Recently I went to an open house with a friend; a grand old house out of both our price ranges. It was grand for many reasons – hugely proportioned rooms, wrap around veranda, a butler’s pantry – but it was perhaps the dining room with its table for 12that made the house feel most grown-up. People don’t really dine in ‘dining rooms’ anymore, do they? Formal rooms are rarely a selling point these days and while, for me, the most exciting part of our recent renovation was creating a ‘dining nook’ I never envisaged us dining in a separate room to the kitchen.
I didn’t really think much about these thoughts... until I read House Thinking by Winifred Gallagher today. This book is all about the psychology of home; how home not only ‘reflects but also affects who you are.’
So, I was interested to realise how conflicted I truly am. My dining nook says more about me as a person than I ever realised.
‘Today when we ask ourselves, “What kind of people are we, and what kind of home do we want?” our different answers are often reflected in our dining space. If we think of ourselves and homes along the lines of “practical, friendly and casual”, we may decide that it’s silly to waste space on a dining room when most meals are eaten informally in kitchens. If we see ourselves as the kind of people who do things the right way, we may prefer to eat in a handsome formal dining room gleaming with silver...’
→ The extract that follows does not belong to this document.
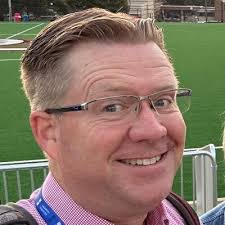 Nick Marty's Instagram, Twitter & Facebook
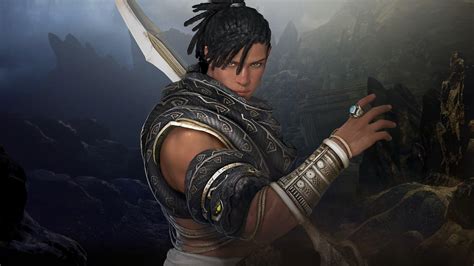 Black Desert Mobile Posts Two new Hashashin "Awakening" Class Trailers - Game News 24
Ok, I get that. I would like to be considered as ‘practical, friendly and casual’ AND my new nook reflects this too. BUT, then Gallagher writes:
‘The idea that we may be judged by our dining room or even our wineglasses, or that we care about such judgments, is discomfiting. Yet at mealtime, most of us take some trouble – setting the table, pouring wine, making conversation, lighting candles – to remind ourselves and others that if we’re not to the manor born, we weren’t born in a barn either.’
Hmmm. On Saturday night we had friends over on the spur of the moment. We cooked pasta to watch in front of the rugby; a practical, friendly and casual meal to reflect our practical, friendly and casual selves.
Except we didn’t sit on the lounge to eat or gather around the island bench in a practical, friendly and casual manner; we sat in our dining nook using the ‘good’ cutlery and the ‘good’ plates, drinking red wine out of – albeit Ikea – wineglasses and looking over and around the vase of flowers in the middle of the table to see the game on the television.
Oh, and the children also came downstairs a couple of times to complain that we were talking and laughing too loudly.
Confusion abounds and perhaps it’s time to stop reading books about house psychology.